Blog

A GIS Pipeline for LIDAR Point Cloud Feature Extraction

Spread the love

By: Mohamed Batran

LIDAR point cloud data is a collection of points that describe a surface or an object. Each point is described with x, y, z coordinates and in some cases is associated with additional attributes such as a classification of the point.

Often, LIDAR data is used to extract accurately georeferenced vector features such as buildings, roads, trees. To realize that there are two main steps as in [1]:

Classification: assign a class to each point in the point cloud dataset. One way is using the PointCNN neural network given that there is sufficient training data. The output is a class for each data point.
GIS pipeline: extracting relevant features from classified point cloud data in a usable format. In addition to extraction, generating attributes information to the extracted features such as object height, object surface area, centroid lat/lng, proximity to other features (e..g how far from the nearest road) and other.
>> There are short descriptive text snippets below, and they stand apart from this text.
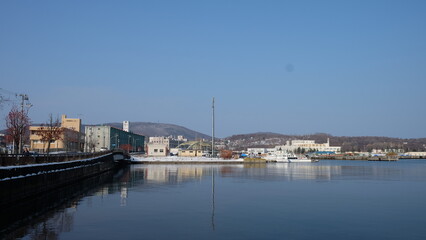 A quiet little village nestled by the calm lake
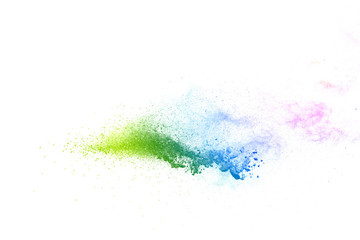 Freeze motion of colorful color powder exploding on white background.  Paint Holi.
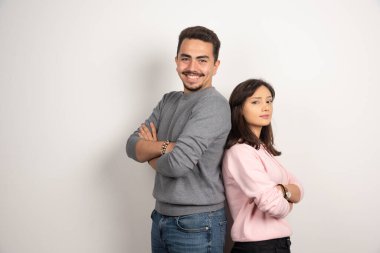 Beyaz arka planda kollarını kavuşturmuş genç bir çift. Yüksek kalite fotoğraf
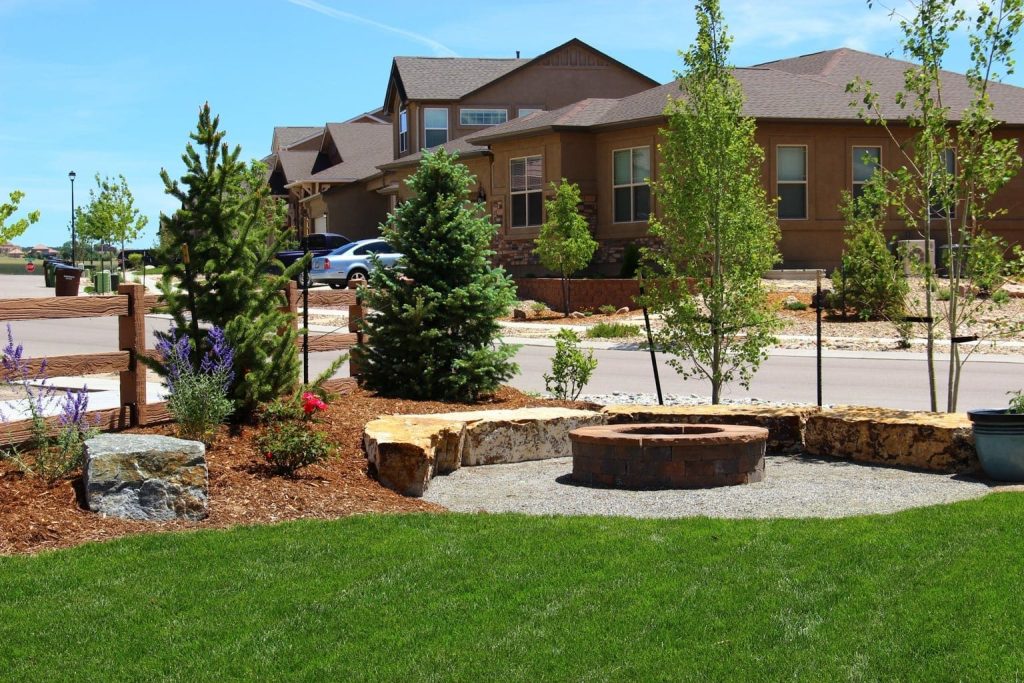 Image of a natural stone outdoor patio with fire feature and landscape design in Colorado Springs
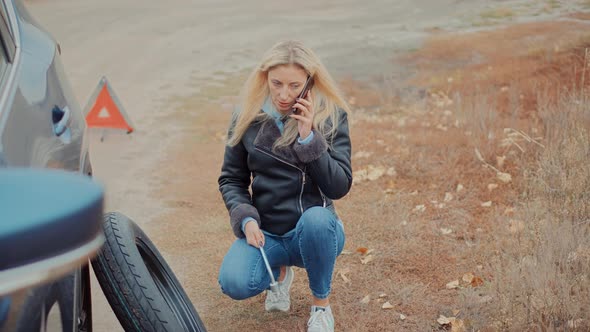 Frustrated Woman Repairing Accident Car. Sad Disappointed Woman On Broken Car. Car Insurance Service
This article will expand on point no (2) focusing on the GIS feature extraction assuming the data is already classified and each data point is assigned a class.

Data and Preprocessing

Data download and transformation

For sample data acquisition, one laz tile is downloaded from [3]. When working with geospatial data, it’s always important to know what is the spatial reference system of the dataset. The spatial reference system for this tile is EPSG:7415 [4].The definition of spatial reference system according to Wikipedia is

“A spatial reference system or coordinate reference system is a coordinate-based local, regional or global system used to locate geographical entities.”

The server to download the data is not very fast, so downloading may take some time. It took me a few hours to download the dataset. The downloaded file is in Laz format, that is a lossless compression of LIDAR data. It can compress original Las files to only 7 to 25 percent of their size. The speed is one to three millions points per second [5].
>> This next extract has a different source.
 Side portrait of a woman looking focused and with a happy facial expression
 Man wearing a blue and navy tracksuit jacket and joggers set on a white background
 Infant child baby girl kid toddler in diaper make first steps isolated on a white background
The downloaded file size is 2.2 GB. To decompress Laz files to the original Las one option is to use pylas. The extracted Las file is 13 GB. Impressive compression ratio! Below how to decompress a laz file to las file in python using pylas python package.

#!pip install pylas[lazrs,laszip]
input_laz_path = ‘data/C_37EZ2.laz’
output_las_path = ‘data/C_37EZ2.las’
laz = pylas.read(input_laz_path)
las = pylas.convert(laz)
las.write(output_las_path)

Point Cloud visual inspection

Starting from QGis 3.18, there is a feature to load and visualize las point cloud data. It’s pretty straightforward and allows data visualization, overlaying satellite imagery and rendering high quality maps. We had to manually define the CRS (Coordinate Reference System) of the point cloud file to appear on the viewer window of Qgis. For satellite imagery overlay, There are many qgis plugins, one of the best is Quick Map Services developed by next gis which have most known basemaps xyz urls [6]. The dataset we are using already has most points classified and can be mapped with a legend as below.
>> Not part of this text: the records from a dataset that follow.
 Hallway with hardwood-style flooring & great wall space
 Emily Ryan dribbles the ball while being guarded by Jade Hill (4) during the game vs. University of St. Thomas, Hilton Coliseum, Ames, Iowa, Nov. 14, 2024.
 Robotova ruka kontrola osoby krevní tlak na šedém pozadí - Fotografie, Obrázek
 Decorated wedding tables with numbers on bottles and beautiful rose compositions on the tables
Looking closely at the classified point cloud with overlaid satellite images, we can see that not all features are exactly classified as in the background satellite image. Only Ground, Building, Water objects are captured and there is no additional information about e.g. Road surface of trees.

One reason may be that the date of point cloud data acquisition (2014) is different from the date of the overlaid background map (2021 by Google). Green areas are also misclassified as ground, maybe it was the winter season with a lot of snow?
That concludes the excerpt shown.